No mortality or signs of systemic toxicity were observed during the main test. No significant, treatment related effect on the body weights was observed in any dose group. No signs of significant irritation or any other local effects were observed at the treatment site (ears) in any treatment group.

No significantly increased lymphoproliferation (indicated by an SI >= 3) compared to the relevant control (DMF) was noted for the test item at the applied test concentrations. The observed stimulation index values were 1.7, 1.5, 1.2 and 1.0 at test item concentrations of 25 %, 10 %, 5 % and 2.5 % (w/v), respectively. No significant dose-response relationship was observed. The lack of a significantly increased lymphoproliferation (indicated by an SI >= 3) up to the maximum attainable concentration of 25 % (w/v, based on solubility) as well as the lack of a significant dose-related response is considered as evidence that the substance is not a skin sensitizer.

Respiratory sensitisation

Endpoint conclusion

Endpoint conclusion:

no study available

Justification for classification or non-classification

According to the CLP Regulation (EC 1272/2008), skin sensitiser means a substance that will lead to an allergic response following skin contact.

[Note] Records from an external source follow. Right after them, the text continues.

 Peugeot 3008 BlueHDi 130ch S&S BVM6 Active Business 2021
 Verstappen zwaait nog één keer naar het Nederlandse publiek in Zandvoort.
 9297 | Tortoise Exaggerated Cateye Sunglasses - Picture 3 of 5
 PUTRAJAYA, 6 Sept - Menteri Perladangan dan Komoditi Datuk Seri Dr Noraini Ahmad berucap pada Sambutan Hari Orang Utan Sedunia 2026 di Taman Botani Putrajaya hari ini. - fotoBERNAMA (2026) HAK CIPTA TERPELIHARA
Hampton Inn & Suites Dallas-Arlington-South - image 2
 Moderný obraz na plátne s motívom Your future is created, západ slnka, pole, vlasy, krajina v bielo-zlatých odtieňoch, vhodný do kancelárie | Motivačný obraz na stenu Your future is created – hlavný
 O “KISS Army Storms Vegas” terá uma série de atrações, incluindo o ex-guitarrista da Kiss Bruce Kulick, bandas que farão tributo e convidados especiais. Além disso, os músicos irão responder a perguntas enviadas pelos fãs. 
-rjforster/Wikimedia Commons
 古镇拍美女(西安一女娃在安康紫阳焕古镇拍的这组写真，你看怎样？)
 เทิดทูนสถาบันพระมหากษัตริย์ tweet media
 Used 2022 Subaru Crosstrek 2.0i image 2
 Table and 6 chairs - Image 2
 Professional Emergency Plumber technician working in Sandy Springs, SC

Available in vitro and in vivo data was taken into account to draw a conclusion on classification of test substance. Overall, available data is:

- positive result in an in vitro study according to OECD guideline 442D;

- negative result in an in vitro study according to OECD guideline 442E;

- negative result in an in vivo study according to OECD guideline 429.

On these bases, the substance is considered as devoid of a skin sensitisation potential and it is not classified within the CLP Regulation.